There are pictures in the records below; leave them out and set down exactly the lines from the one holding "KING CYMAH__Am The King. single" through the one holding "Apartamento à venda".

-- Record excerpts follows --

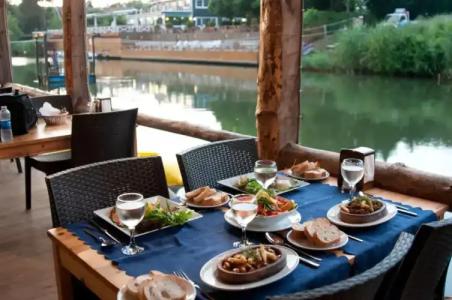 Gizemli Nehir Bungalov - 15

-- Record excerpts concluded --
-- Record excerpts follows --

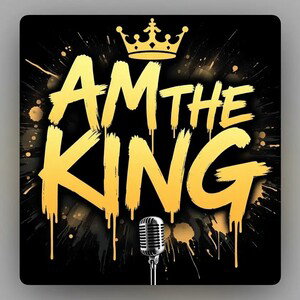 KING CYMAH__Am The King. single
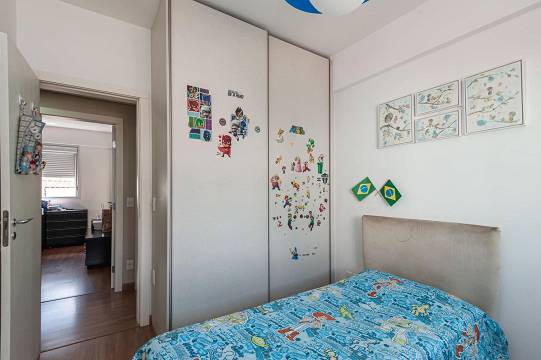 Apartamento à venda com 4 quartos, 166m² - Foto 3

-- Record excerpts concluded --

Solution to this problem =
 KING CYMAH__Am The King. single
 Apartamento à venda com 4 quartos, 166m² - Foto 3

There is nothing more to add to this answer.